そのとき佐野は、のちに妻となる女性に赤い帽子をプレゼントする。そして心から打ち解けたふたりは、深夜のクラブを抜け出し、コンビニエンスストアの前でカップラーメンを食べる。
赤い帽子をかぶった妻が、鼻歌を口ずさみながらカップラーメンを食べるそのひとときは、佐野にとって最高に幸福な瞬間だった。
幸せな瞬間はいつまでも続かない
だが5年後の彼の前からは、赤い帽子も、愛した妻も消え失せている。
現在を映す前半と、5年前を描く後半との対比は、永遠なものなどなにもないことを非情にも伝える。だとしたら、すべてを失ったあと、佐野はどうやって生きていけばいいのか?
この作品が観る人の胸を締めつけるのは、ある奇跡によって“幸福”が受け継がれ、いまもどこかで生きつづける可能性をそれとなく示すからだ。

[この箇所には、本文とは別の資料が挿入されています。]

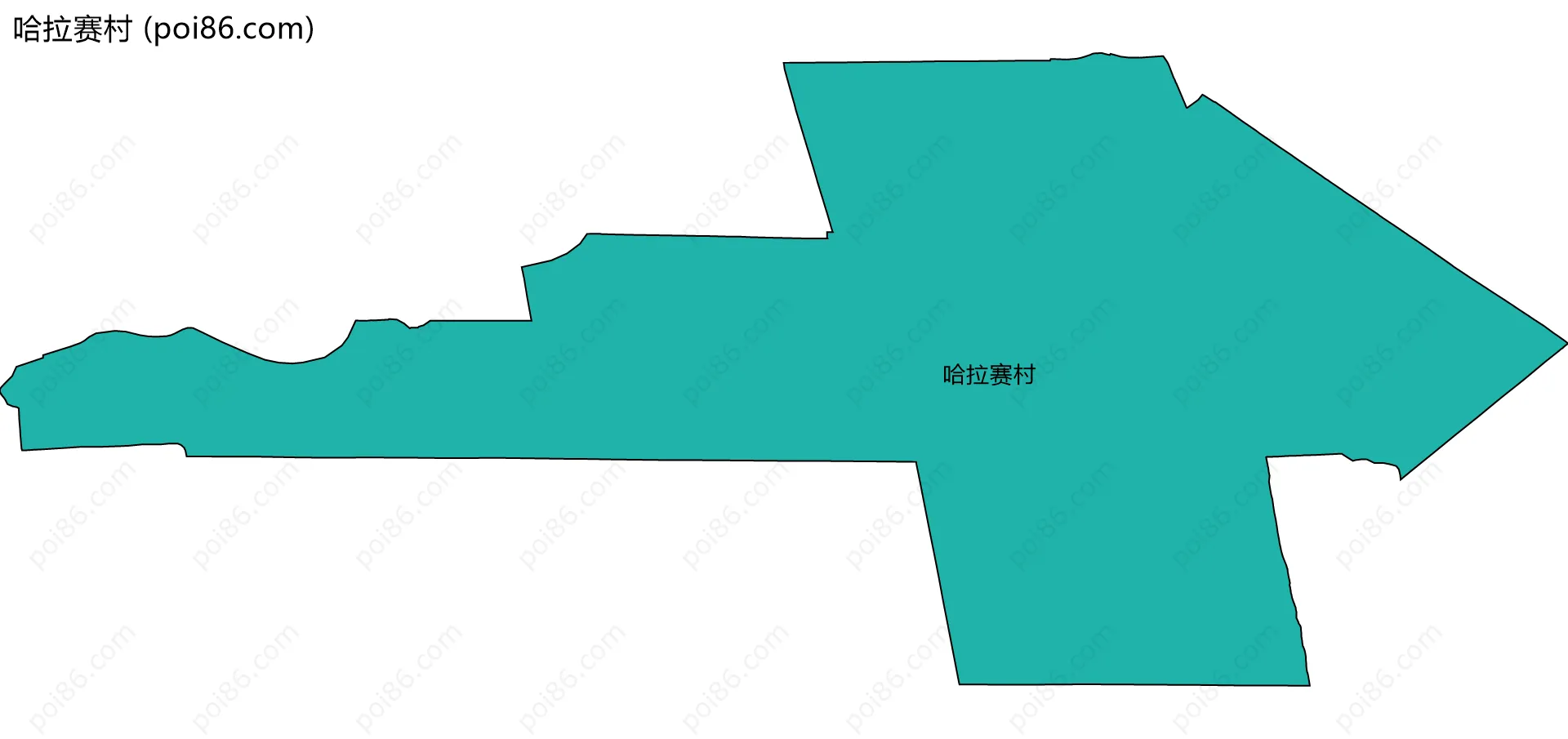 哈拉赛村边界地图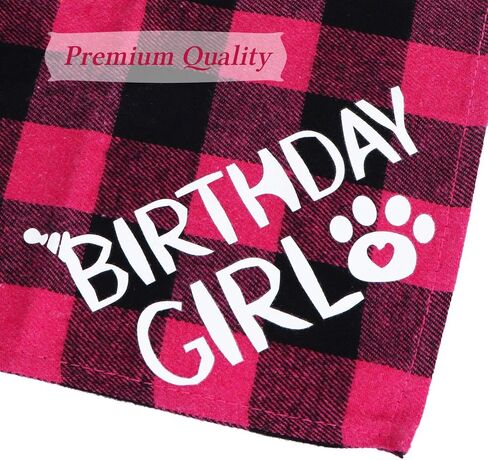 STMK Dog Birthday Outfit Girl, Dog Birthday Bandana Girl Tutu Skirt Birthday Number Crown Hat Bowtie Happy Birthday Banner for Pet Puppy Dog Birthday Party Supplies (Pink) in Saudi Arabia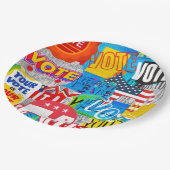 Collectie stemmen papieren bordje (Gekanteld)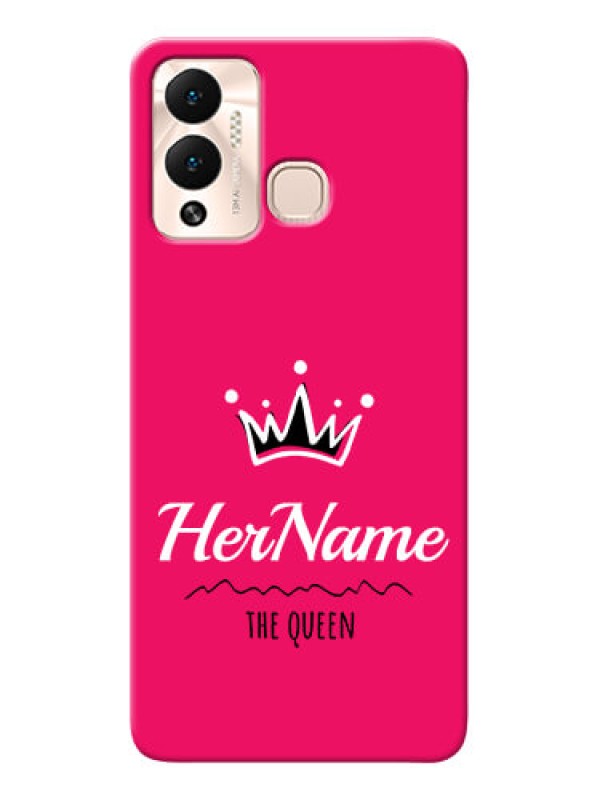 Custom Infinix Hot 12 Play Queen Phone Case with Name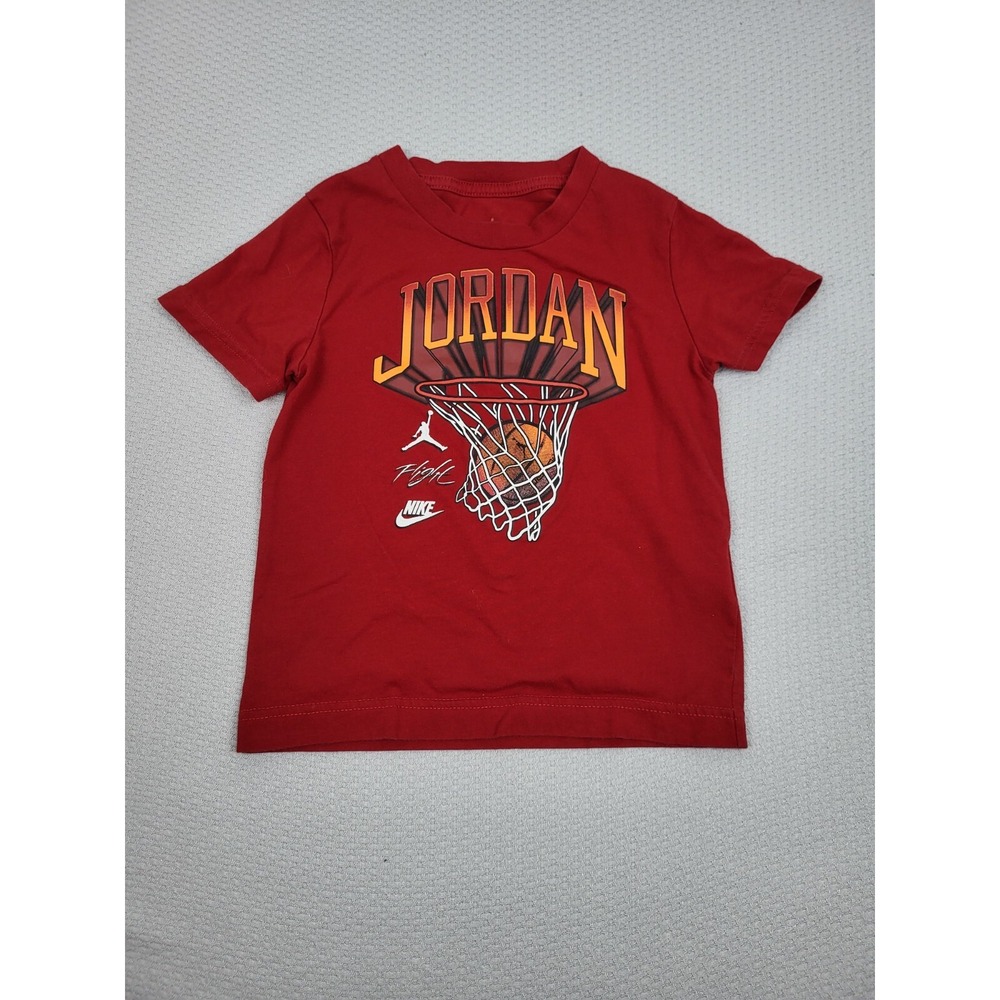 Nike Air Jordan Flight Shirt Kids‎ 4T Red Graphic Tee Lightweight Basketball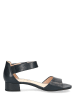 Caprice Leder-Sandaletten "Carla" in Dunkelblau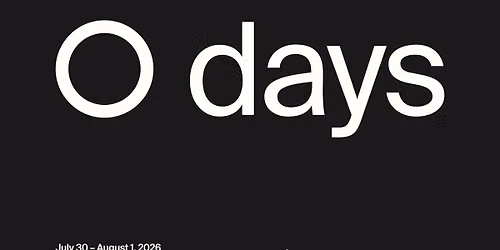 O DAYS 2026 - FRIDAY & SATURDAY - 2 DAY TICKET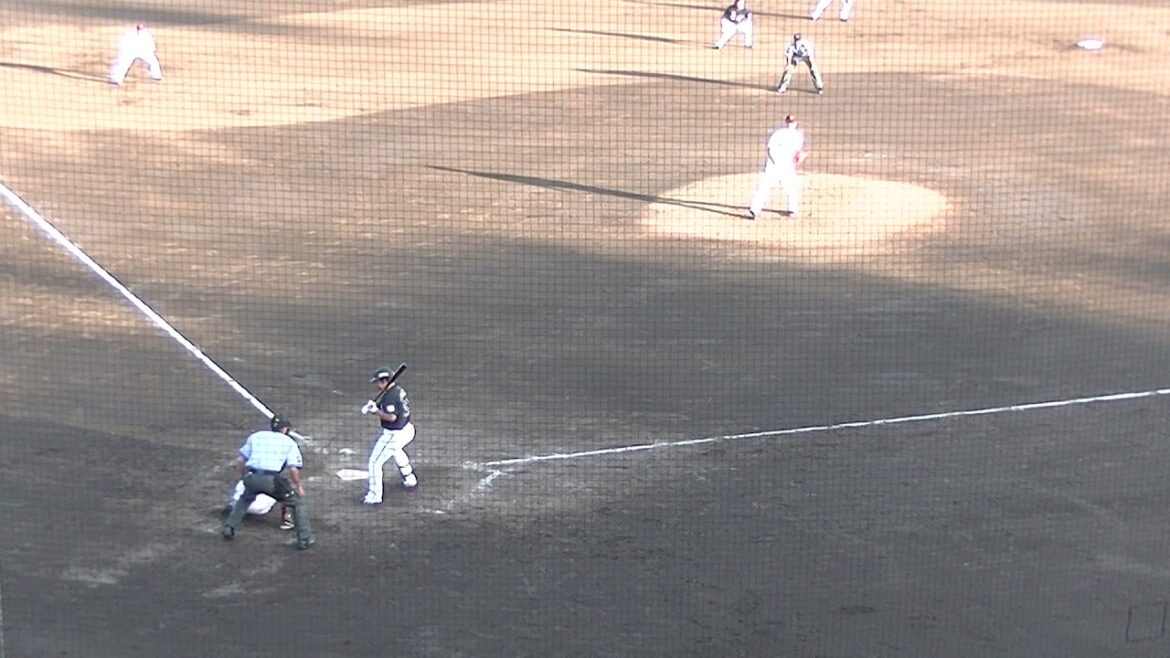 西巻 賢二センター前ヒットチャンスで菅野剛士 【イースタンリーグ 読売ジャイアンツVS.千葉ロッテ2021/8/19】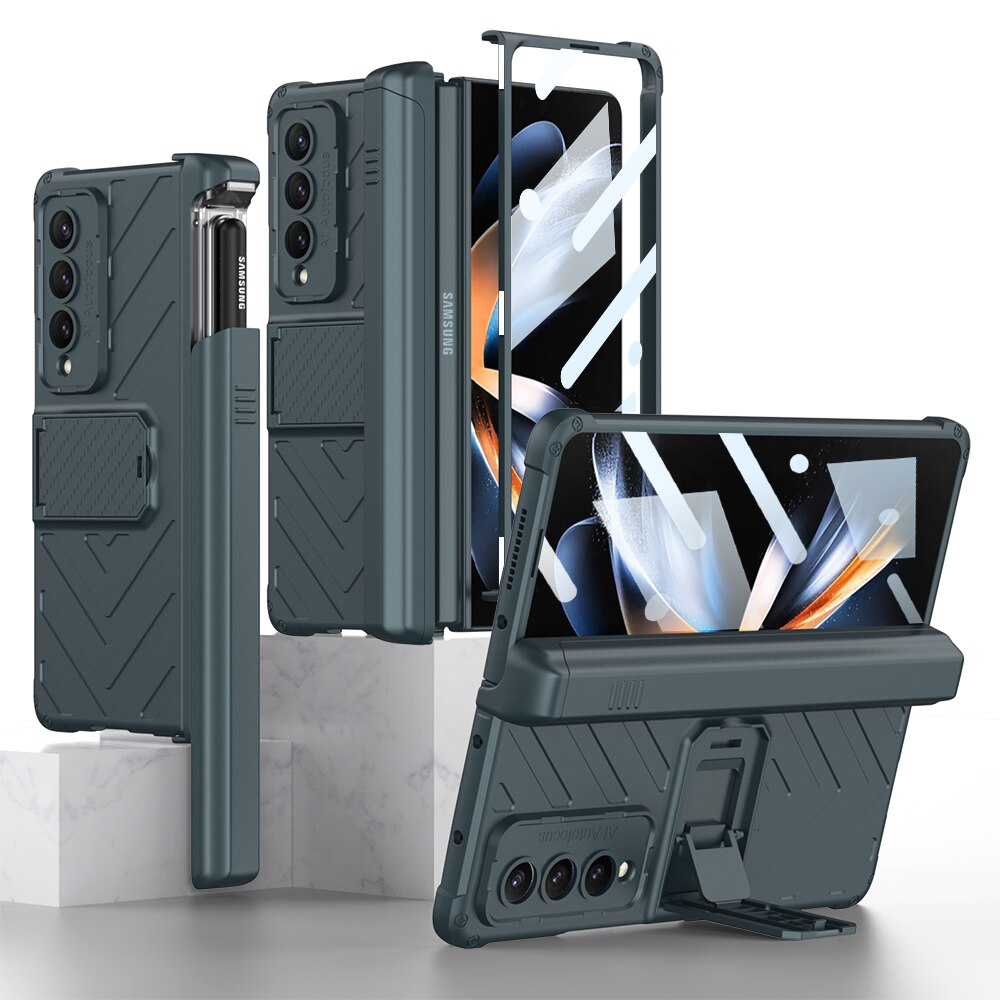 Magnetic Case with Kickstand & Pen Holder For Galaxy Z Fold Series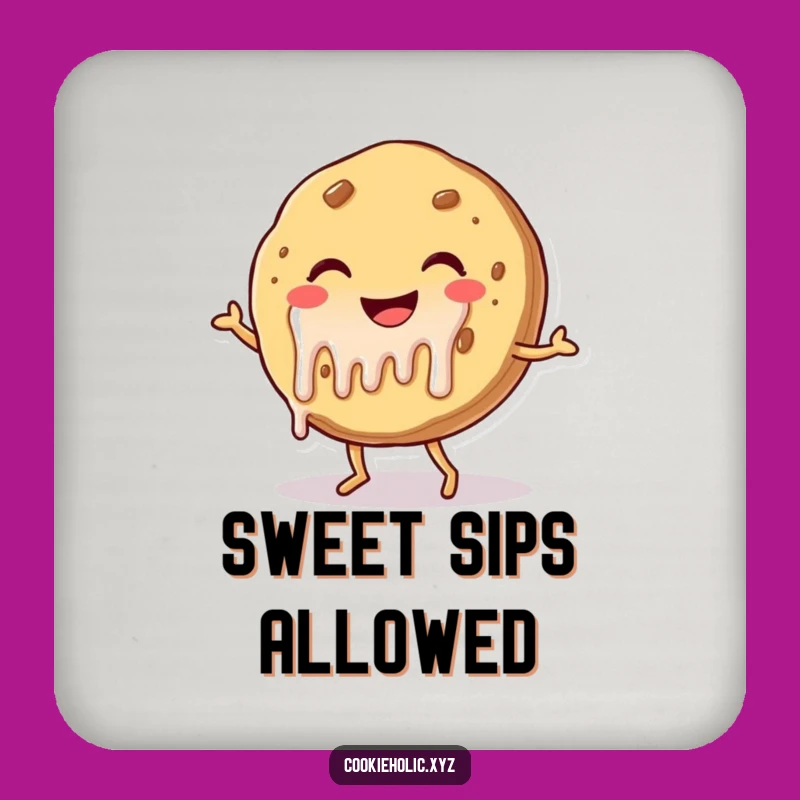 Funny Cookie Drink Coaster: Hilarious Dancing Dessert Coaster for Table Protection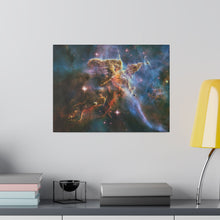 Load image into Gallery viewer, Inside the Carina Nebula Wall Art | Horizontal Turquoise Matte Canvas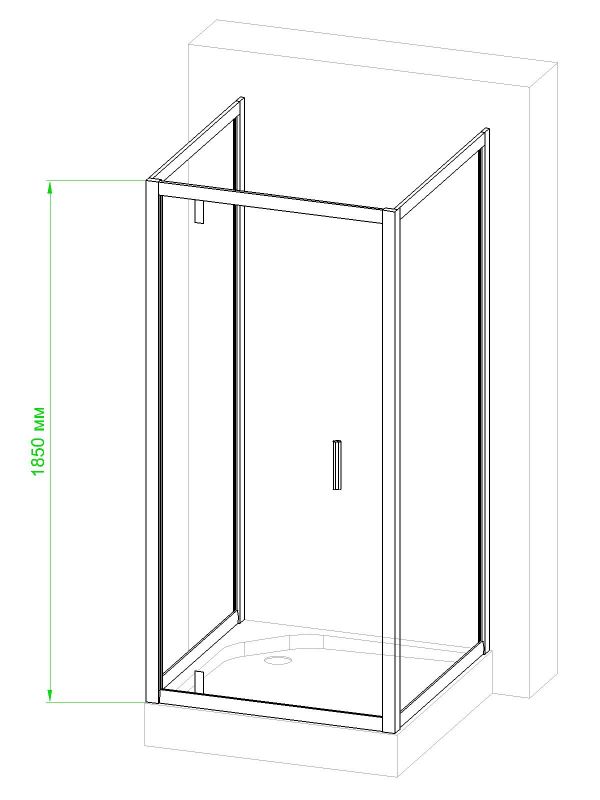 Душевой уголок Royal Bath HV 90x90x185, RB9090HV-C-CH-P фото 3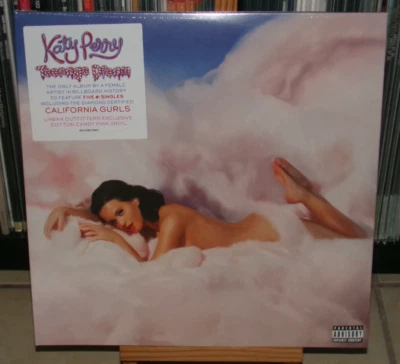 KATY PERRY TEENAGE DREAM COTTON CANDY PINK LP FIREWORK E.T TGIF THE ONE THAT GO - Image 1 of 4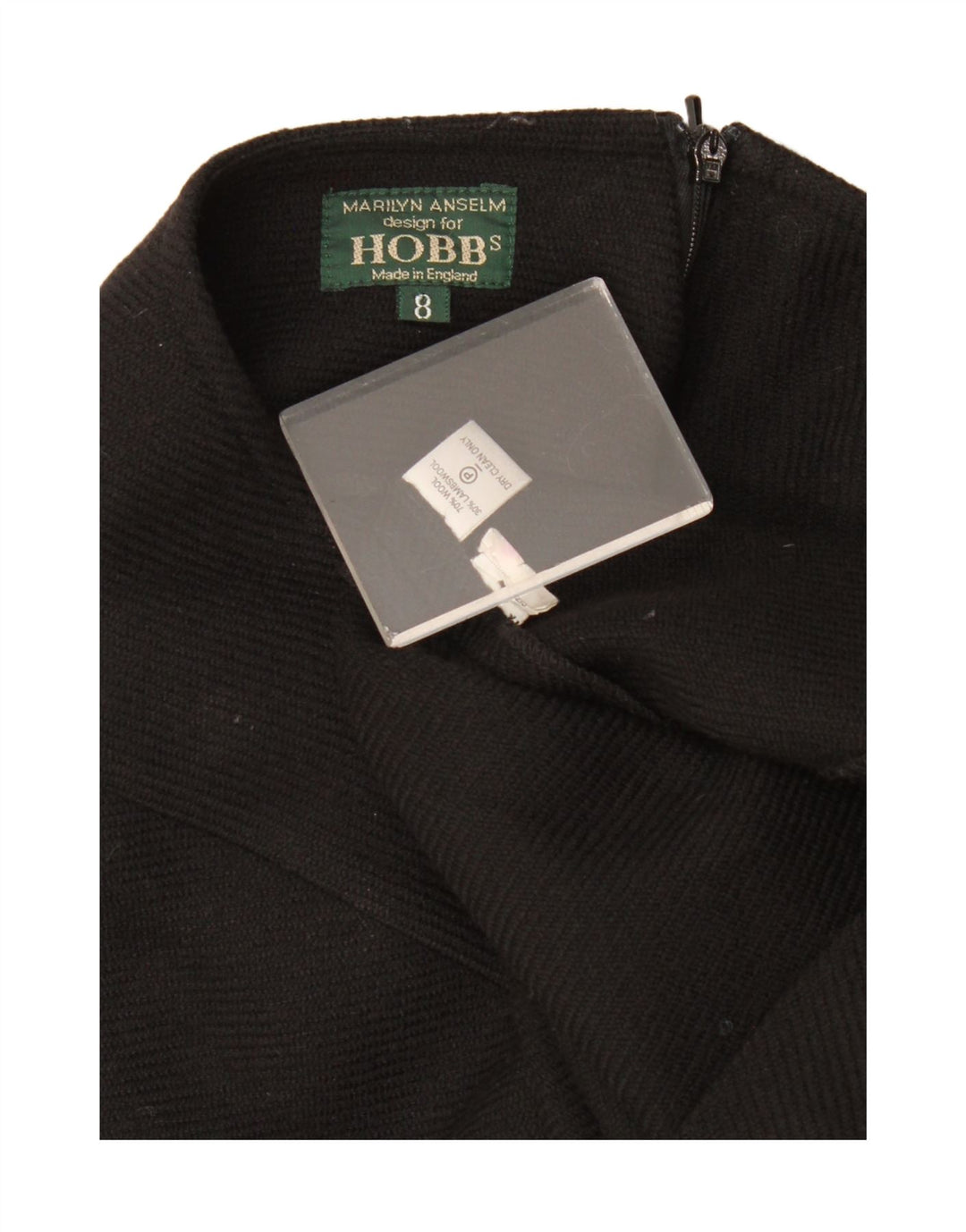 Hobbs Dame Maxi Nederdel UK 8 Small W30 Black Wool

『ぼくのお日さま』と『SUPER HAPPY FOREVER』は、どちらも幸せな瞬間に焦点を当て、同時にそれはいつまでも続かないという真理を提示する。たしかに人生とはそういうものなのかもしれない。だが光があれば影があり、きっとまた光が生まれる。だから人は生きていけるのだと、それらの作品はかすかな希望とともに映しだす。
『ぼくのお日さま』
STORY
少し吃音のある、ホッケーが苦手な少年タクヤ。怪我をして練習を見ていた彼は、同じスケート場で華麗に氷上を舞う少女さくらに心を奪われる。タクヤの恋心に気づいたさくらのコーチは、彼に提案し、タクヤとさくらはペアでアイスダンスの練習をはじめるが……。
『SUPER HAPPY FOREVER』
STORY
海辺のリゾートホテルを訪れた幼馴染の佐野と宮田。コロナ禍の影響もあり、すっかり閑散とした街で、佐野と宮田は以前失くした赤い帽子を捜しつづける。失意の佐野の耳に、どこかから聞こえてくるメロディーは、亡き妻と出会った5年前の日々に彼を連れ戻し……。